* Exercise instructions *
Your copy should begin at the line containing "220V交流接触器CJX2-1801 18A接触式继电器380V" and end at the last line of the records; transcribe those lines exactly and leave out every picture.

* Data supplied *
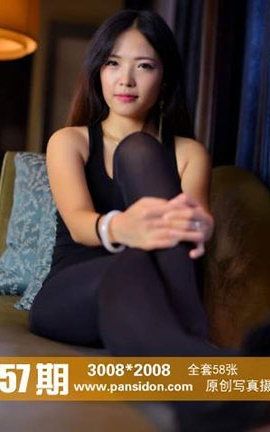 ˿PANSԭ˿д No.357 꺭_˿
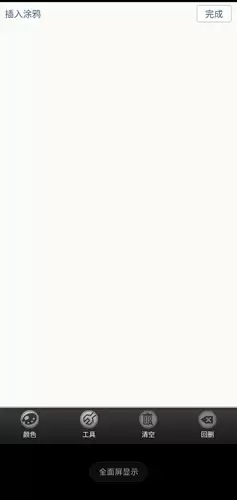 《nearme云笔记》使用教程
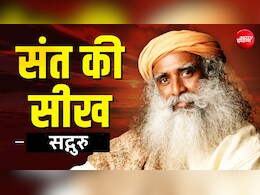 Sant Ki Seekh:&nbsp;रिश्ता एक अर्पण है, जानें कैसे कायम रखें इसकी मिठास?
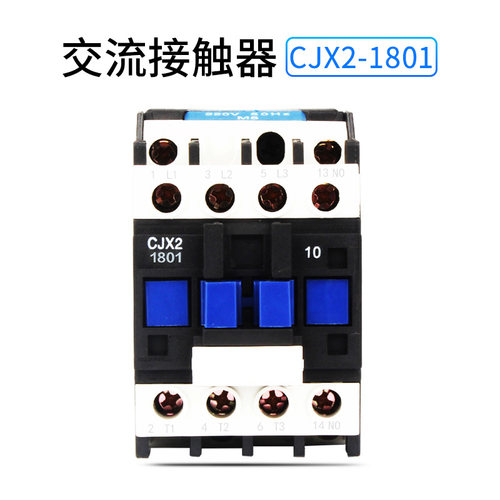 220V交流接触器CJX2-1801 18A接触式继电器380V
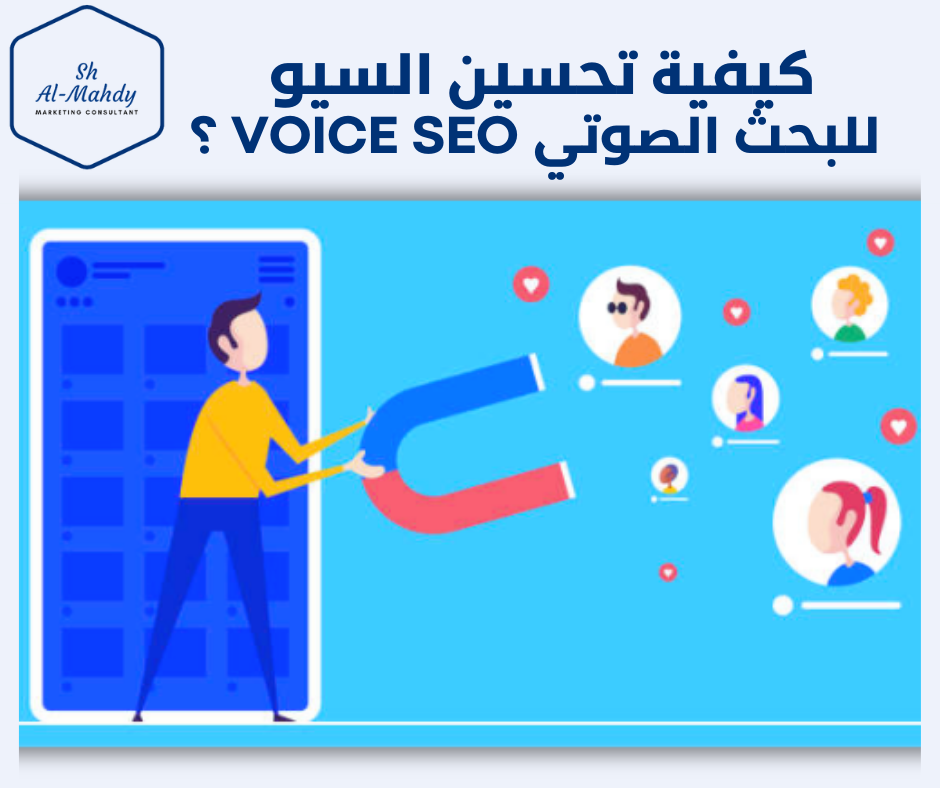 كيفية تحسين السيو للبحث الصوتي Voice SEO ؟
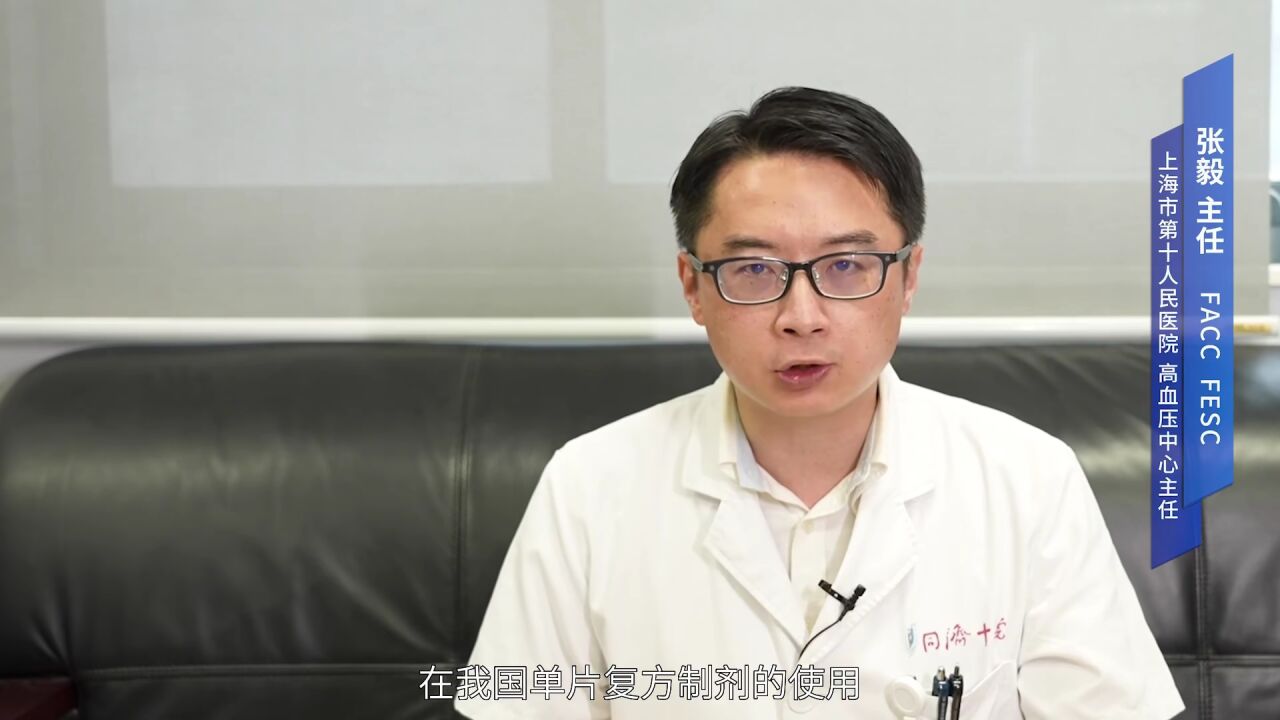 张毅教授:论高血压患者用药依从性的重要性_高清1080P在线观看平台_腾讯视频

* Written answer *
 220V交流接触器CJX2-1801 18A接触式继电器380V
 كيفية تحسين السيو للبحث الصوتي Voice SEO ؟
 张毅教授:论高血压患者用药依从性的重要性_高清1080P在线观看平台_腾讯视频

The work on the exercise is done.